→ **Task material**:
┄┄┄┄┄┄┄┄┄┄┄┄┄┄┄┄┄┄┄┄

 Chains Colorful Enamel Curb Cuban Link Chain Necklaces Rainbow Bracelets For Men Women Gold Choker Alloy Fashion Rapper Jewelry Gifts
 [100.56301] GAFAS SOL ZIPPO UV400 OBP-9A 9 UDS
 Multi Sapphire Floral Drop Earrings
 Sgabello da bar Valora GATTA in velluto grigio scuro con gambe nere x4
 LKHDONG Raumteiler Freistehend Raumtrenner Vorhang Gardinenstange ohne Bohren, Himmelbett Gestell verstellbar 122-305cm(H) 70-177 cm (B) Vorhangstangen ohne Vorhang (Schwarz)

┄┄┄┄┄┄┄┄┄┄┄┄┄┄┄┄┄┄┄┄

→ **Task goal**: A faithful copy of every record is required; output it in full.

→ **Solution to the exercise**:
 Chains Colorful Enamel Curb Cuban Link Chain Necklaces Rainbow Bracelets For Men Women Gold Choker Alloy Fashion Rapper Jewelry Gifts
 [100.56301] GAFAS SOL ZIPPO UV400 OBP-9A 9 UDS
 Multi Sapphire Floral Drop Earrings
 Sgabello da bar Valora GATTA in velluto grigio scuro con gambe nere x4
 LKHDONG Raumteiler Freistehend Raumtrenner Vorhang Gardinenstange ohne Bohren, Himmelbett Gestell verstellbar 122-305cm(H) 70-177 cm (B) Vorhangstangen ohne Vorhang (Schwarz)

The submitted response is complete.